ML Beginner's Guide For Badminton Pose Estimation & Trajectory Model
In recent years, computer vision technologies have revolutionized the analysis of sports videos, including those of net sports such as badminton. These technologies enable the detection of player poses and tracking of the ball or shuttlecock, providing crucial information for understanding the dynamics of the game.
Predicting the future movement of the shuttlecock in a badminton match is a critical aspect that can give players a competitive edge. This blog introduces an innovative method for predicting shuttlecock trajectories, taking into account both the shuttlecock's position and the positions and postures of the players.
1. Importance of Trajectory Prediction in Badminton
Anticipating the future trajectory of the shuttlecock during a rally can significantly enhance a player's performance.

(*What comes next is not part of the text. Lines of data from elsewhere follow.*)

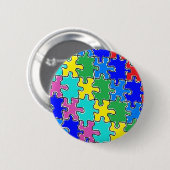 Badge Rond 5 Cm pièce du puzzle de l'autisme 40 (Devant & derrière)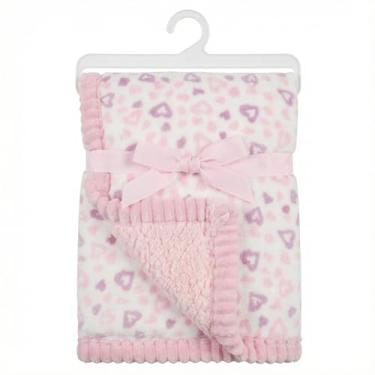 Imagem de Cobertor de pelúcia de coração rosa, cobertor de lã, cobertor ultramacio, leve, confortável, flanela dupla face, adequado para camas, sofá, viagens e acampamento (76 x 101 cm) (152 x 203 cm)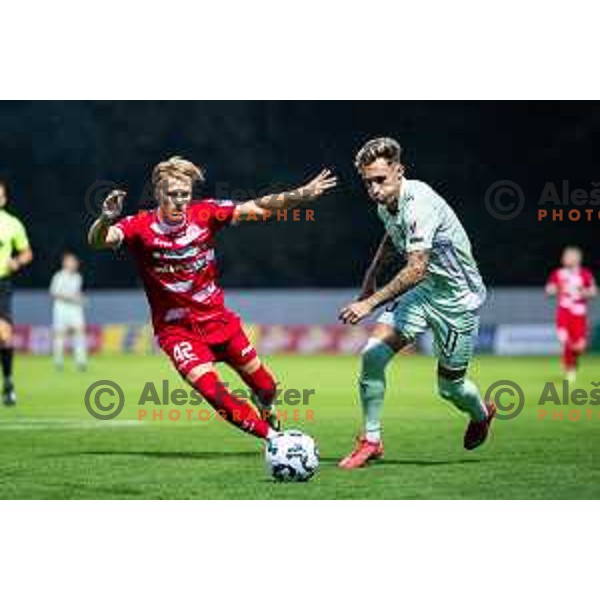 in action during Prva liga Telemach football match between NK Aluminij and NK Olimpija in Sportni park Aluminij, Kidricevo, Slovenia on July 26, 2025. Photo: Jure Banfi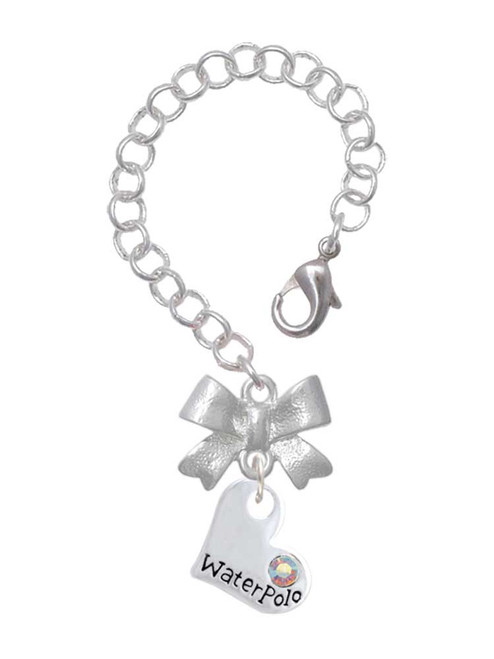 Silver Plated Heart with ''Water Polo'' and AB Crystal - Bow Charm Accessory for Tumblers and Thermal Cups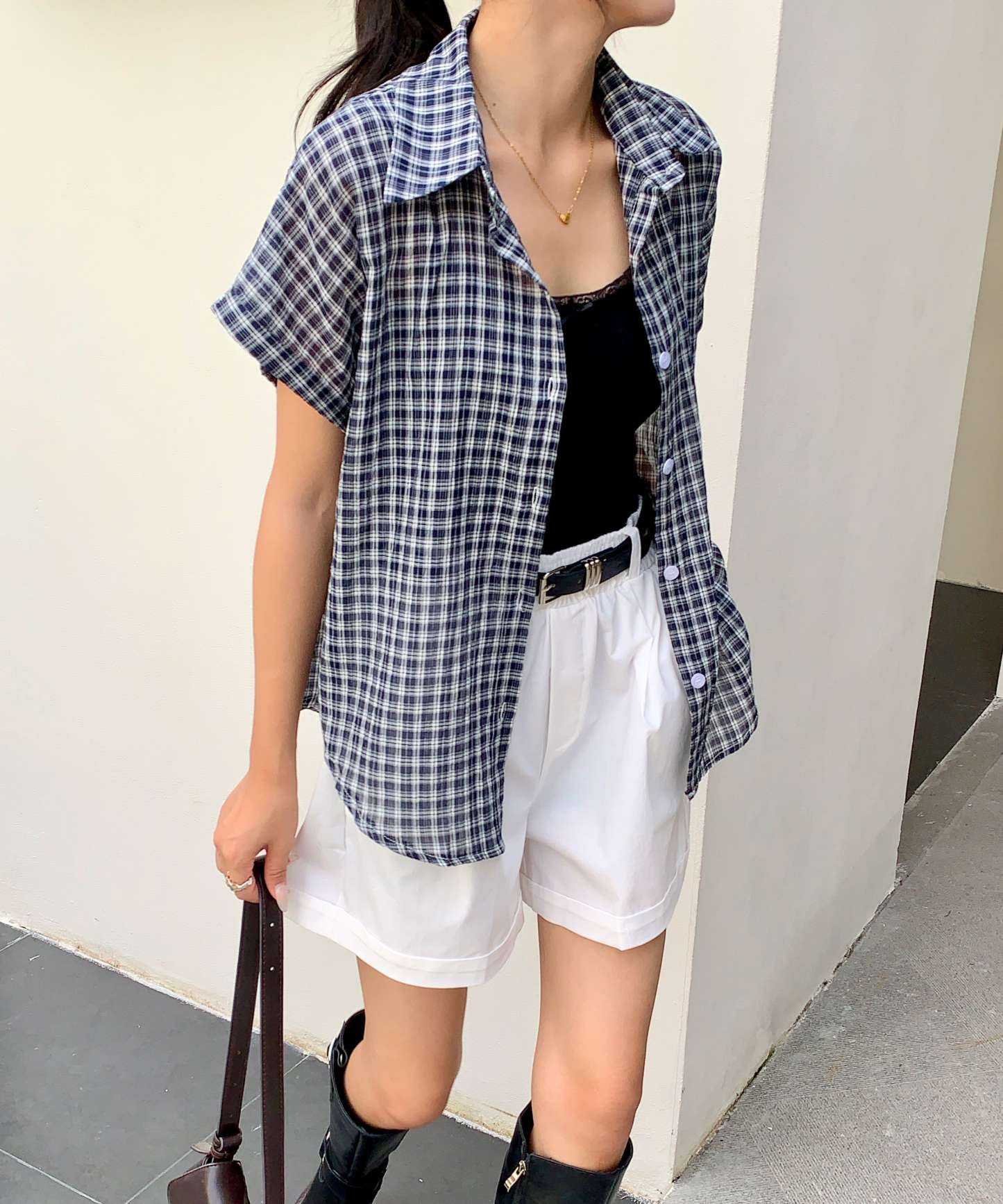 Casual Retro Plaid Blouse 复古风短袖格子衬衫*2 Colors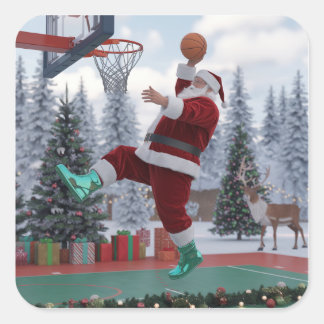 Santa Basketball Sticker スクエアシール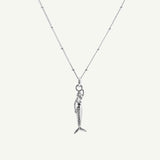 Mini Zennor Mermaid Silver Necklace - Dainty London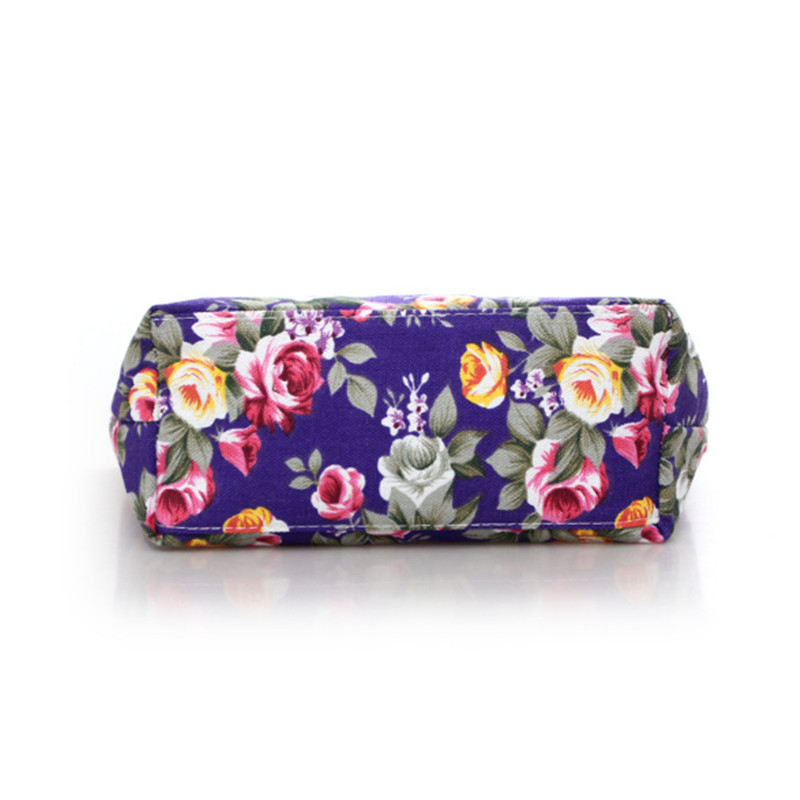 Mini Waterproof Women Handbag Canvas Portable Flower Print Shoulder Bags Female Travel Shopping Bags Mummy Tote Beach Bag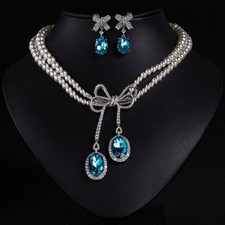 Wedding Bridal CZ Jewelry Set Zirconia Necklace Earrings Set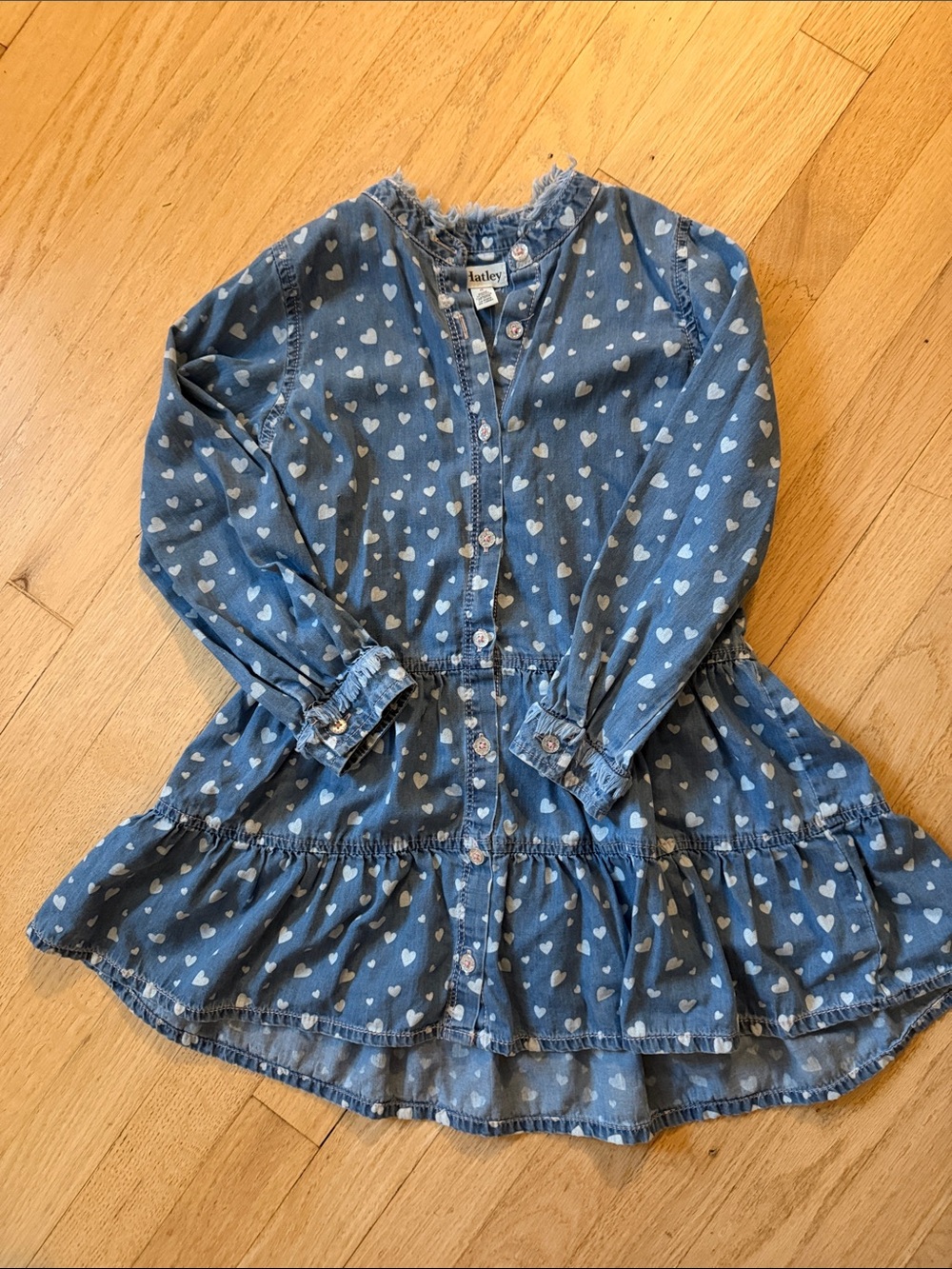 Hatley Blue Chambray Heart-Print Button Dress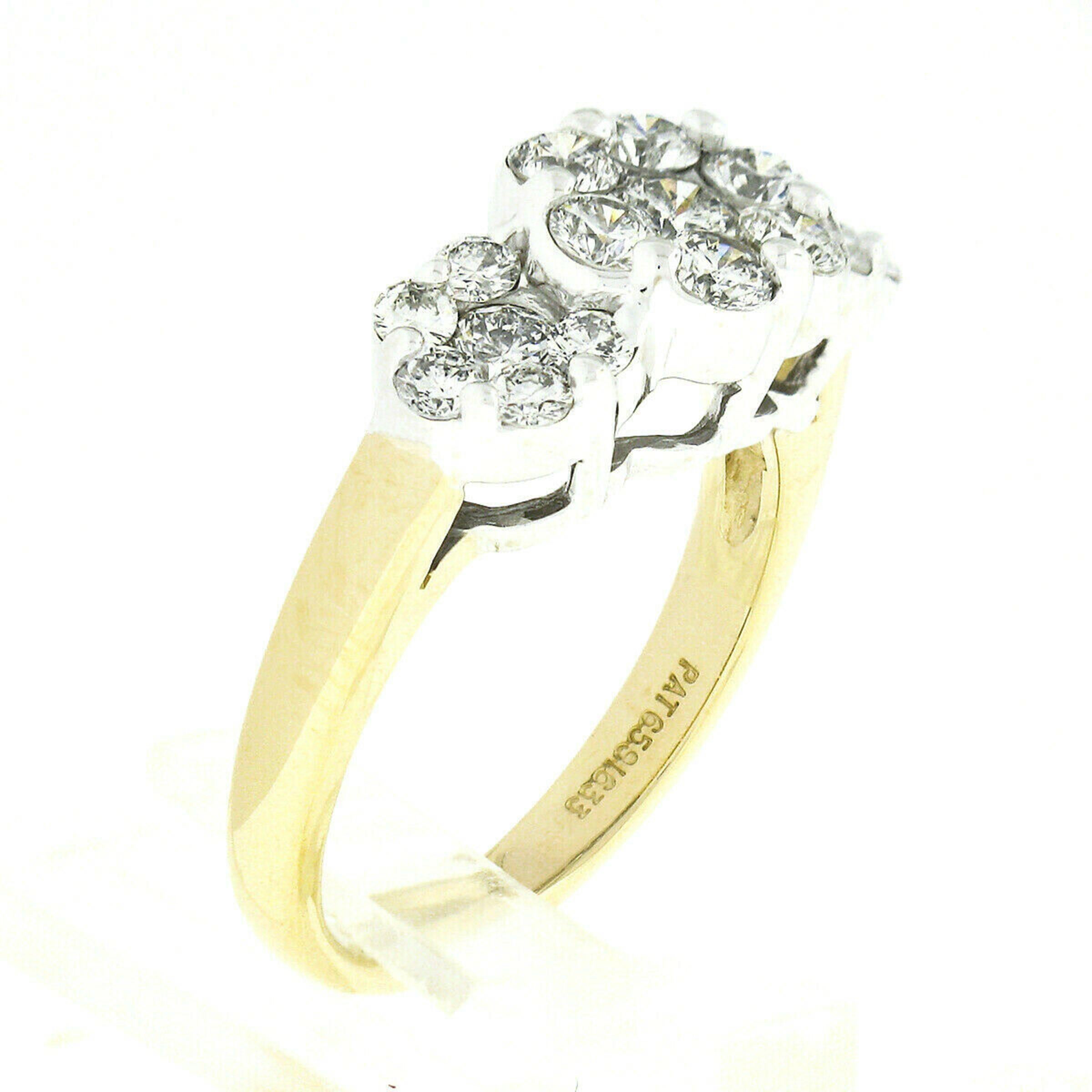 Dreifarbiger 14k Gold 1,35 Karat runder Brillant Diamant 3 Blume Cluster Band Ring Damen
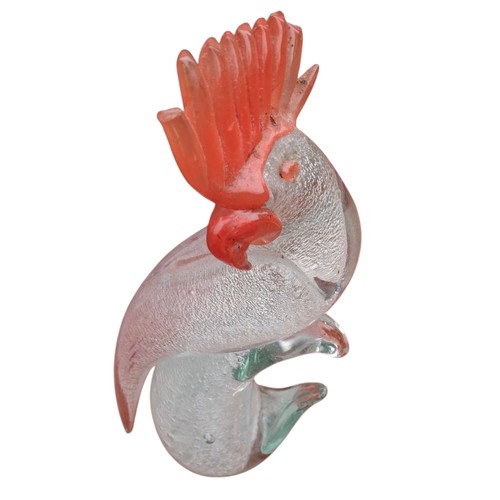 63 - A FANTASTIC COCKATOO ART GLASS FIGURINE (SOME DAMAGE) 11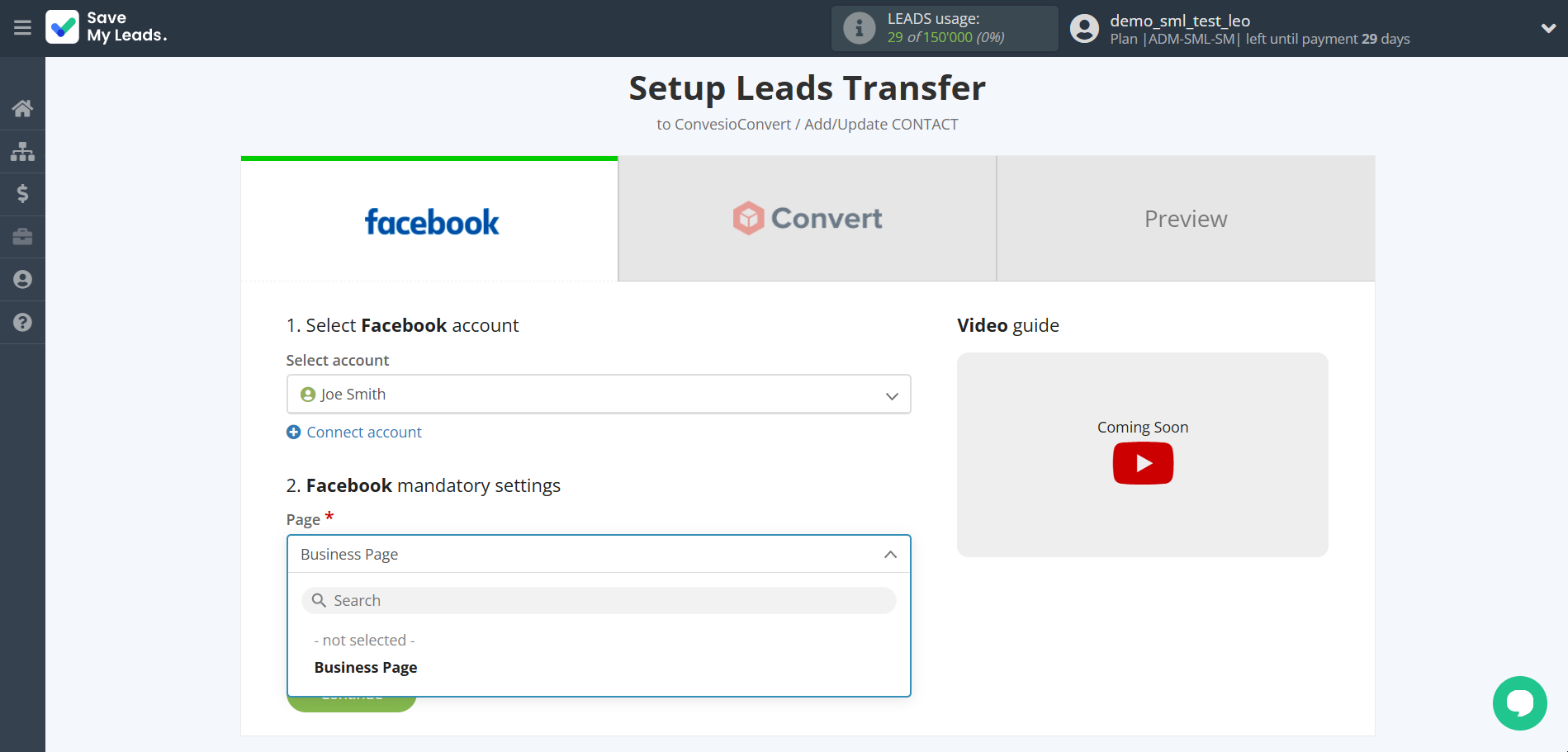 How to Connect Facebook with ConvesioConvert | Data Source account connection
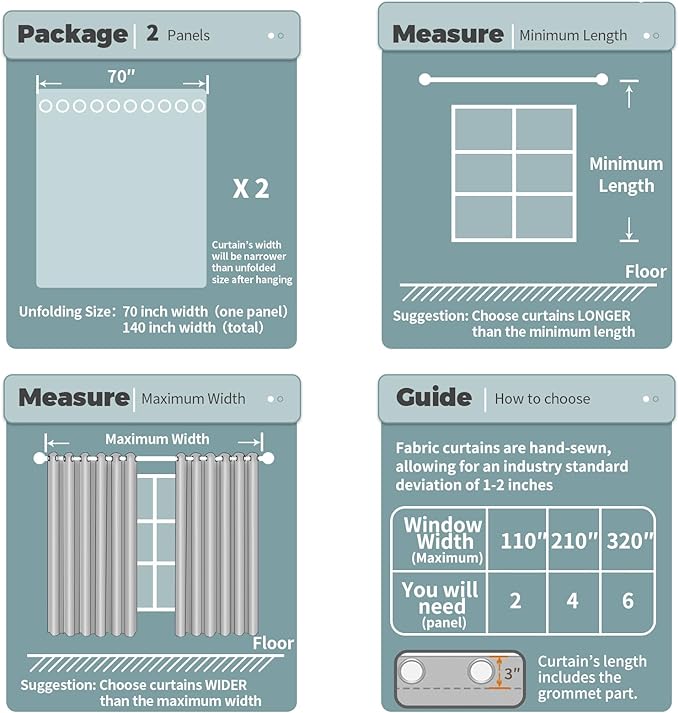 BGment Blackout Curtains for Bedroom - Grommet Thermal Insulated Room Darkening Curtains for Living Room, Set of 2 Panels (70 x 84 Inch, Dark Grey)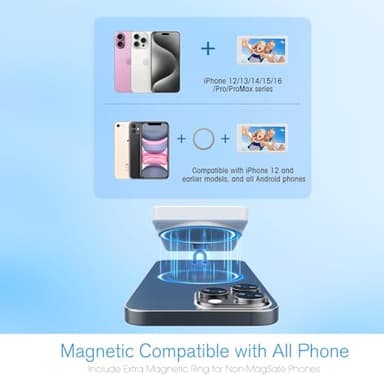 Vlog Selfie Monitor Screen iPhone, 4K 60fps Recording, Wireless Screen Mirroring with Remote Control, Magnetic Fixation, 180° Rotation, 3 Levels of Brightness, Compatible with iPhone & Android - Image 5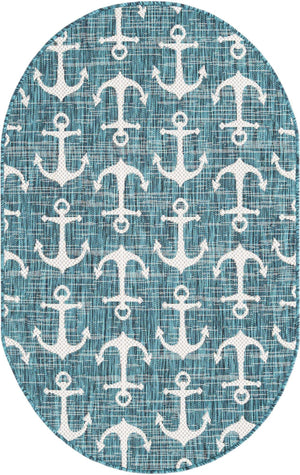 Teal 3' 1 x 5' 3 Outdoor Coastal Oval Area Rug Weather Resistant for Patio, Deck, Terrace, Balcony, Porch 100% Polypropylene Coastal Decor Carpet for Sale at Rug Engine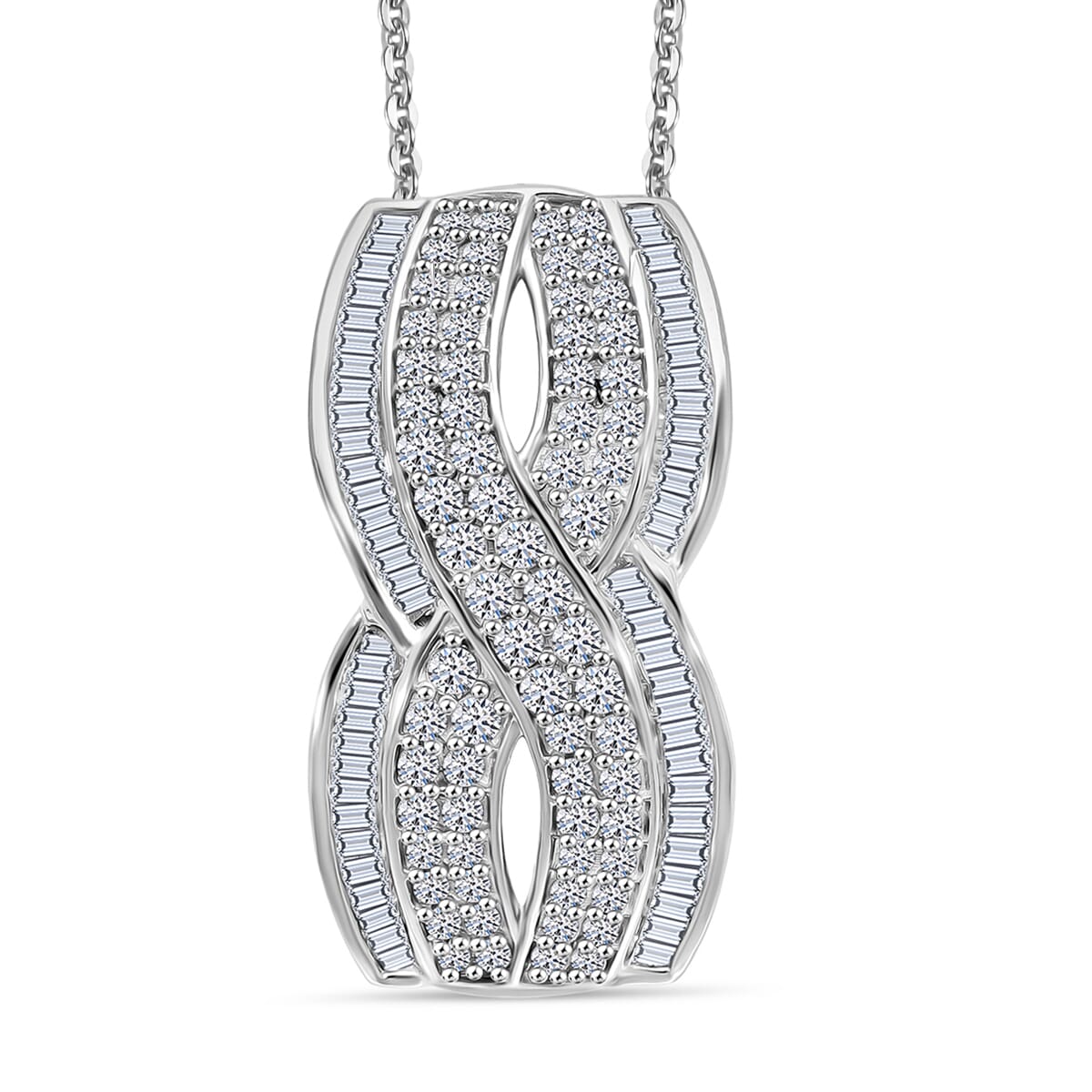 Diamond 1.00 ctw Infinity Pendant Necklace in Platinum Over Sterling Silver 20 Inches image number 0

In fast-paced sports like badminton, even a fraction of a second advantage in predicting the shuttlecock's movement can determine the outcome of a match.
This prediction not only benefits offensive play but also aids in defensive strategies, allowing players to position themselves optimally. The proposed method aims to contribute to this predictive capability by considering both shuttlecock and player information.
2. Materials and Methods
Overview
The proposed method comprises two modules: a detection and pose estimation module for past frames and a time-series model module for future prediction. Shuttlecock position, player position, and player posture information are used as input for trajectory prediction. We will be comparing fasterRCNN and tracknet and will be using the best algorithm.
What is faster R-CNN?
The Fast R-CNN detector includes a CNN backbone, an ROI pooling layer, and fully connected layers with sibling branches for classification and bounding box regression.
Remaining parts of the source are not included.